Posted on April 6, 2017 by Maple Creek
Budget cuts to the school board will affect students in a variety of ways, that will be felt for a long time to come. FILE PHOTO

Megan Roth
Twitter: @MeganMCNews

A source has claimed teaching positions have already been affected in the Chinook School Division.

According to the source, who would rather remain unnamed, eight teaching positions have been affected by the drastic budget cuts.

Within Chinook there are people retiring, and those positions are not going to be filled, the source claims.

When asked about this development, Chinook School Division could give no confirmation.

Director of Eduction with Chinook School Division Liam Choo-Foo says there will be adjustments that have to be made within the system.

“Until those get finalized internally, there won’t be any public announcement,” Choo-Foo said.

The new provincial budget hit Chinook hard, and as such there will be changes within the school division.

When the budget came down on March 22, Chinook’s Chief Financial Officer Rod Quintin said the board will look at all possible avenues to tackle the budget cuts. “Anything and everything” is on the table, according to Quintin.

“The new budget was definitely very difficult for Chinook … there will have to be some adjustments within the system,” said Choo-Foo.

With the size of reduction needed in the budget, Choo-Foo says change is immanent.

“With the size of reduction in Chinook, there is no doubt that structures will have to be changed and we will have to adjust how we operate,” Choo-Foo said.

Education Critic for the Opposition Carla Beck says the cuts to education are very deep and just as concerning.

“Chinook has been hit with an eight per cent cut.
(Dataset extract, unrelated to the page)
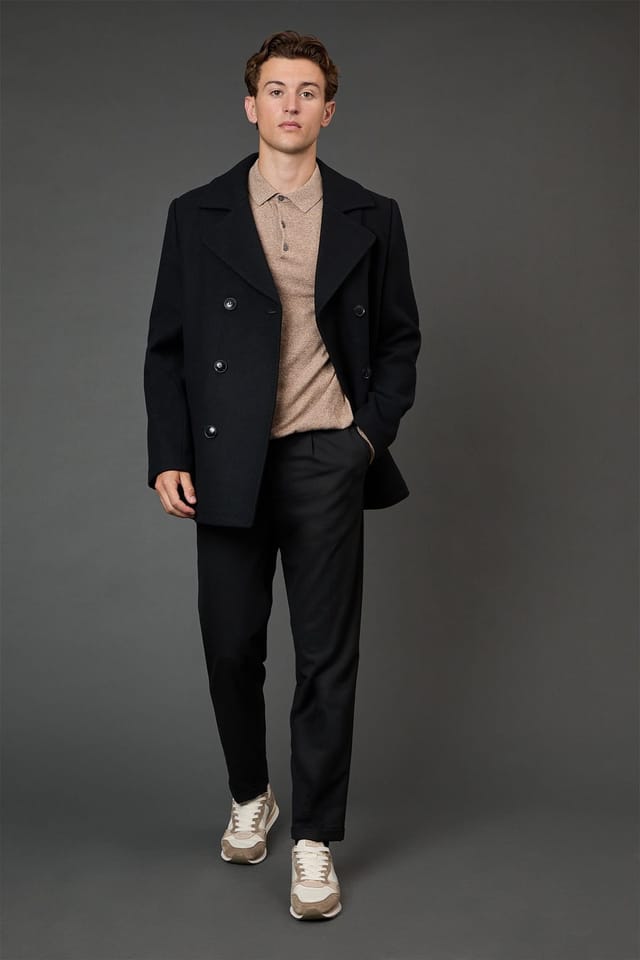 Burton Burton Men's Black Signature Wool Blend Peacoat - 2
The school board has already seen cuts over the last several years,” Beck said in a phone interview.

On top of the budget cut, Chinook will also have to face an increase in other bills including an increase in power bills and a one per cent increase on PST. There was also a recent increase in educational property tax, which goes towards paying for the schools.

Beck claims the Saskatchewan Government is not providing the schools with all the funds from those taxes.

“About $67 million comes in, and the government hands out about $54 million of that, the rest goes into the provincial coffers,” Beck said.

Beck says the budget has put all school divisions in a tough position and will have to make “very difficult decisions.”

“The current government is trying to make the school boards make cuts to increase efficiency,” said Beck. “We are passed the point of efficiency.”

The cuts to education are troubling, Beck says, and more is yet to come with the introductions to the Eduction Amendment Act on April 5.

According to Beck, the amendments will take the power of spending in any regard away from the schools and place it into the Minister of Education’s office.

The new amendments “rob the schools” of any power, says Beck.

“This is exactly the opposite of what the people in the Southwest told us they wanted when we were out there in Fox Valley,” Beck said.

Budget cuts mean a cut to resources that will directly affect the schools and classrooms.

One such resource will be the ability to hire new teaching staff  for the schools.

The budget cuts faced today in schools across the province will have long lasting effects on the students of Saskatchewan, claims Beck.

“How are we expecting to give a bright future for our children, when we are taking away from them now?” asked Beck.